My 5-year-old grandson drew a picture for my birthday. As
you can see, it’s a birthday cake, complete with candles. It’s a little
lopsided, and the table it is sitting on is a bit odd, but I think that it is
the best birthday card I’ve ever received. While of course I am prejudiced
because it was done by my brilliant, talented, amazing grandson, it got me
thinking about what it is about children’s art that makes it so charming. After
all, your grandchild or niece or nephew or godchild or son or daughter is also
brilliant, talented, and amazing, too, and the birthday cards they draw for you
are also the best ones that you have ever received.
Some part of me wants to say that we delight in the drawings
of children—especially our own children—because we love the children, and their
drawings somehow connect us to that love. Or, in a more sentimental mode,
perhaps the spontaneous, untutored nature of children’s drawings reminds us of
our own childhood, or the childhood that we wish we had had. Or, maybe we wish
we could still draw that way ourselves, without worrying about whether we were
doing it right, or if the colors go together, or any of the other judgmental
things our inner critic says about our own drawings.
I think that all of these things do come into our appreciation,
but there is something more. When I look at a painting or drawing by an adult,
I think about things like design, craft, and style, on the one hand; and where
the work before me fits into the overall conversation that is the history of
art, on the other. None of these criteria are applicable to the drawings of a
five-year-old. We cannot really compare them to great works of art like a
self-portrait by Rembrandt or Picasso’s Guernica
or Barnett Newman’s Stations of the Cross.
Nor can we compare them to the anonymous and equally skillfully made tribal
masks from certain places in Africa, or the prehistoric drawings of horses and
bison deep in the caves of Alta Mira.
It seems to me that what the drawings of little children
share with the great works of art of any time or place is a certain kind of
truth.
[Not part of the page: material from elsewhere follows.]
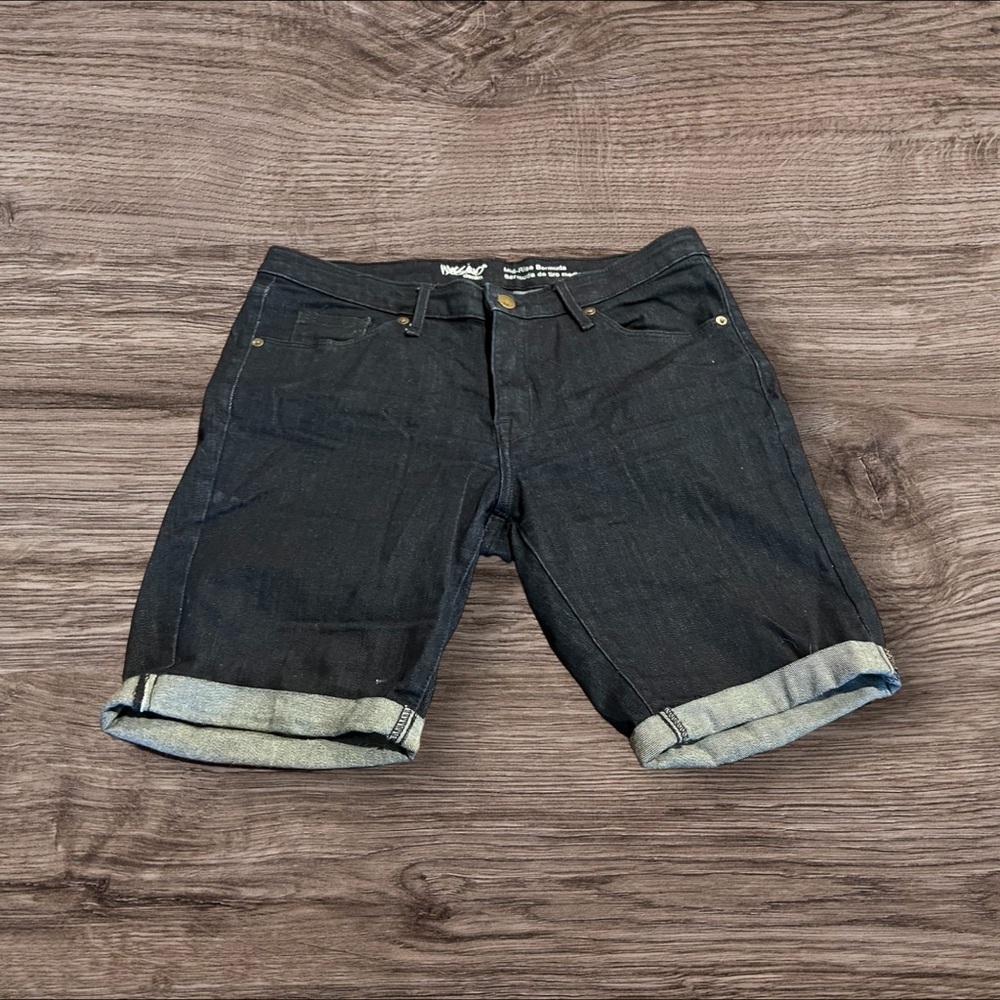 Mossimo Women’s Power Stretch Mid-Rise Bermuda Denim Jean Shorts Size 8/9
This truth is not found in a literal depiction of what can be seen with
our physical eyes, but rather in what can be seen with what the Apostle Paul calls in
Ephesians 1:18 “the eyes of our heart.” This drawing, like so many other
drawings by children, is connected to the outer world – the cake is on a table,
it has candles, it is decorated with a bright, red band – but it also seems to
reveal the very thoughts and feelings of the person who made it.
The drawing shows not just a birthday cake, but the way the
artist gave himself over to the process of drawing it. In the process, the
imperatives of the picture took over from the simple reality of a cake on a
table. There is no awareness of outside judgment in this drawing. It wasn’t
done for a critic or a museum or for history. It exists as a true record of a moment
in a person’s inner life, and that truth has value.
Or, maybe I’m just a doting grandmother.